As the 2014 edition Pitchfork Music Festival entered its third and final day, a mass of fans gathered at Union Park’s northernmost stage to see Jordan Lee perform with his Brooklyn-based chamber folk band, Mutual Benefit. Their set featured music from the group’s 2013-released Love’s Crushing Diamond, intricately written tracks with sincere lyricism and eclectic instrumentation.
The early afternoon performance was punctuated with consistent mid-song banter from Lee. After jokingly introducing he and his band as Neutral Milk Hotel before their opening song, Lee took a moment in the middle of their set to make another quick-witted comment, saying that it had always been his dream to open for Slowdive and Kendrick Lamar in the same day.
As humor-intended as his statement had been, Lee had a point; the fantastic range of artists at Pitchfork – spanning both genres and generations – make the festival one of summer’s most exciting events in the indie music community.
Twenty-four hours before Lee took the stage, a group of 20-year-olds known as Twin Peaks played Saturday’s first show in a manner more fit for a headlining spot at Woodstock in 1969. The group’s overflowing rambunctiousness spilled into the audience, beginning when lead singer Cadien Lake James strolled out in a wheelchair and a cast up to his knee, and peaking when guitarist Clay Frankel smashed his guitar and threw the fragmented pieces into the audience.
For many fans, Twin Peaks’ set was followed by a performance from tUnE-yArDs, the afro-pop project of Brooklyn’s Merrill Garbus. Garbus’ set was backed by two vocalists, a percussionist, and a multi-instrumentalist – an arrangement that emphasized her experimental songwriting and fascinating performance style. Throughout the set, Garbus switched between a ukulele and a pair of standing tom drums, both of which she looped in conjunction with beguiling vocal melodies to lay a consistent texture under her lyricism.
Pitchfork’s minimal stage set-up and open scheduling offered artists the time and resources to make each show sound exactly how they wanted. As the average music festival continues to increase its stages and grow in size every year, Pitchfork has kept a steady 3-stage structure throughout its nine years in Union Park.
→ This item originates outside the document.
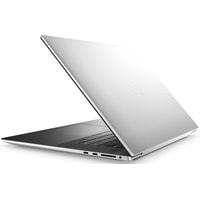 Ноутбук Dell XPS 17 9710-1670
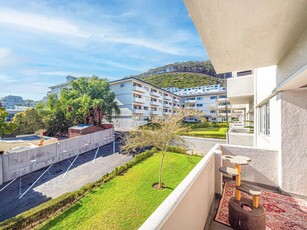 Apartment For Sale in Sea Point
While the festival’s focus on music is unmatched – providing a space for fans to feasibly see up to nine acts in one day, all of which receiving the best possible sound engineering a festival can offer – Pitchfork incorporates a number of artistic outlets for those outside of the musical community.
The Columbia College-sponsored Book Fort displays recent releases from local writers, and acts as a stage for authors to give readings while fans take breaks from standing in the sun to see their favorite bands. And aside from the Book Fort, Pitchfork expands its artistic reach on Washington Boulevard, where the nearby street is temporarily shut down to hold the Flatstock Poster Fair, exhibiting work from vendors based all over the country.
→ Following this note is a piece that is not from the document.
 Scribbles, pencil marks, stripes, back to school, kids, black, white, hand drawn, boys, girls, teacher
As creatively diverse as Pitchfork may be, music absolutely runs the festival. Standout performances from this year’s lineup included crowd-favorites Real Estate, who played tunes from their spring-released album as though they had been performing the songs together since they first met in high school fifteen years ago, as well as St. Vincent, whose musicianship as a guitarist clearly exceeded anyone else at the festival all weekend.
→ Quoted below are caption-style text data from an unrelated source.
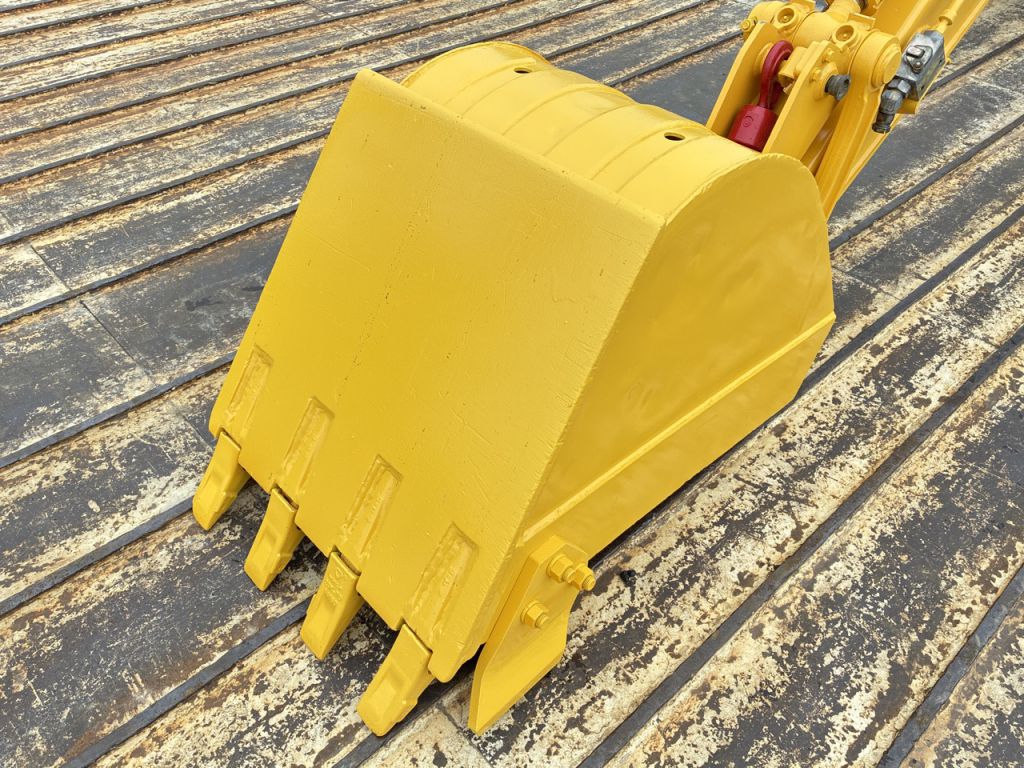 PC78US-11-50009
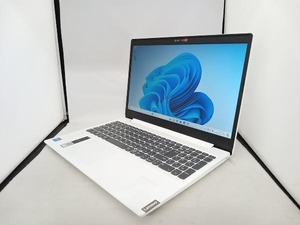 Lenovo IdeaPad L350 81Y300DVJP ノートPC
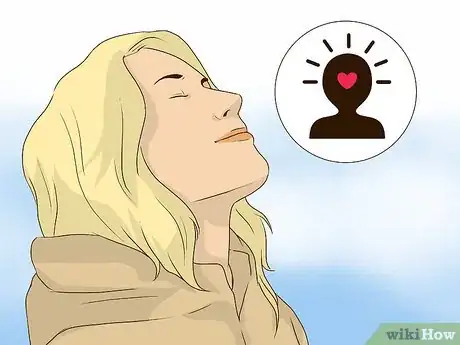 Imagen titulada Show Your Ex You've Moved On Step 9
Headlining performances from Beck and Neutral Milk Hotel on Pitchfork’s first two nights made for fitting conclusions to full days of great music, but Kendrick Lamar’s closing set on night three acted as the perfect ending to Pitchfork 2014.
Taking the stage after a penultimate performance by Scottish producer Hudson Mohawke, Lamar performed for the entirety of Pitchfork’s audience, nearly all of whom knew every lyric to the songs he performed off of his critically acclaimed 2012 release, good kid, m.A.A.d city. Lamar was backed by a live band and a stage-wide screen, whose short video clips in between songs established a cinematic theme throughout his set.
On the same stage that Jordan Lee had spoken about Kendrick Lamar earlier that day, Pitchfork came to a close. While the festival continues to improve every year, 2014 marked another great weekend in Chicago. The trip west from Upstate New York may be a long one, but the mid-July trek to Pitchfork is always worth it.